Qualcuno la chiama il “mal di testa del suicidio”, tanto è dolorosa, assidua e invalidante. Sulla cefalea a grappolo cronica – come peraltro per altri disturbi alla testa – le conoscenze mediche e i rimedi sono ancora parziali, a dispetto della gravità del problema. Una speranza arriva proprio dal nostro Paese, con la sperimentazione di una serie di anticorpi (alcuni prossimi alla commercializzazione) che, come annunciato all’ultimo congresso della Società Italiana di Neurologia a Napoli, addiverrebbero a risultati fin qui sconosciuti.
La ricerca è stata centrata su un piccolo “peptide”, chiamato Calcitonin Gene Related Peptide (CGRP), coinvolto nella trasmissione dei segnali dolorosi. “I suoi livelli aumentano in concomitanza delle crisi e tornano alla normalità quando l’attacco si risolve”, spiegano gli studiosi.

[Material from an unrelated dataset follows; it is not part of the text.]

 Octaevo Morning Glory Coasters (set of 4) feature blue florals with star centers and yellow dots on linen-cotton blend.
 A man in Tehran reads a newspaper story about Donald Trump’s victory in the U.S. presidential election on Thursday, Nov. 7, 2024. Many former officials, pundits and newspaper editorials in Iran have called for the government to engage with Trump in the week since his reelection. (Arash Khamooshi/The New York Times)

Bloccandone l’azione, si arriverebbe quindi a disinnescare o a prevenire la crisi.
Ed è con tale obiettivo che si è tentata la strada degli anticorpi monoclonali. Sono in corso attualmente quattro sperimentazioni, che hanno finora fornito segnali assai promettenti. Il più vicino all’impiego clinico (su cui è già stata presentata domanda di autorizzazione al commercio presso l’apposita Agenzia europea), denominato Erenumab, a detta dei ricercatori è capace di “ridurre in media del 70% la frequenza e l’intensità degli attacchi di emicrania cronica con una sola iniezione sottocute al mese”.

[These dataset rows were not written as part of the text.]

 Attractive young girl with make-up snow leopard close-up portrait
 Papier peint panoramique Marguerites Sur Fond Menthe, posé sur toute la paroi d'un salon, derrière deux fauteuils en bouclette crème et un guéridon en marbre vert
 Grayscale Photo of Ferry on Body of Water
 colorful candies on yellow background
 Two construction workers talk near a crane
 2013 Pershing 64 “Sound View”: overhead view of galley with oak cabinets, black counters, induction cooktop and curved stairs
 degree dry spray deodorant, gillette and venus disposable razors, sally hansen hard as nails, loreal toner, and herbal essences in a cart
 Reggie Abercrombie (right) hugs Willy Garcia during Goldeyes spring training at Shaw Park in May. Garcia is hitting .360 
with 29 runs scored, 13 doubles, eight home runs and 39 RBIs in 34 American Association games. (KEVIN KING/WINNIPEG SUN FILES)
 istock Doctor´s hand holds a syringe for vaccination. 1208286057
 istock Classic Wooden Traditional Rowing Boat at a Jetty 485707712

La previsione è che i nuovi farmaci saranno utili soprattutto ai pazienti più gravi, ossia in presenza di cefalea cronica (oltre 14 attacchi al mese da almeno tre mesi) o episodica ma senza rispondenza dalle terapie farmacologiche standard. “Nella nostra casistica ci sono perfino pazienti che hanno di fatto risolto il mal di testa liberandosi dalle crisi”, riferiscono gli scienziati.

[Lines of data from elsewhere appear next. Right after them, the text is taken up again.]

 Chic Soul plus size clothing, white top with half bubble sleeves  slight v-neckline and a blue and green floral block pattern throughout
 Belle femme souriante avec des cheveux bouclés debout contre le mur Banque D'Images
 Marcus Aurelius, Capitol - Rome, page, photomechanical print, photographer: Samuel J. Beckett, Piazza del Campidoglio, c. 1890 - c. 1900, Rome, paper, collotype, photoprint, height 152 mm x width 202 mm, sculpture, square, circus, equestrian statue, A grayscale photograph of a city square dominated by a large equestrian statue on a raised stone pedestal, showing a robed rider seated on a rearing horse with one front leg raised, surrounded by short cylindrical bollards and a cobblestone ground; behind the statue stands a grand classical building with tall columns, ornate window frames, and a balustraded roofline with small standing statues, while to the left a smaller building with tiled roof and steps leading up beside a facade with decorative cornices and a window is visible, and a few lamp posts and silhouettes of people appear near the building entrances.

La speranza è dunque concreta e in un orizzonte temporale stimato abbastanza corto. Nel frattempo, come è emerso anche all’ultimo Congresso Europeo delle Cefalee a Glasgow, permane un problema che riguarda i farmaci preventivi, ed è il loro mancato utilizzo, stimato al 90% dei casi. Omissioni terapeutiche da superare con urgenza, considerando anche l’ampiezza del disturbo, che coinvolgerebbe circa l’1% della popolazione, che merita di essere curato.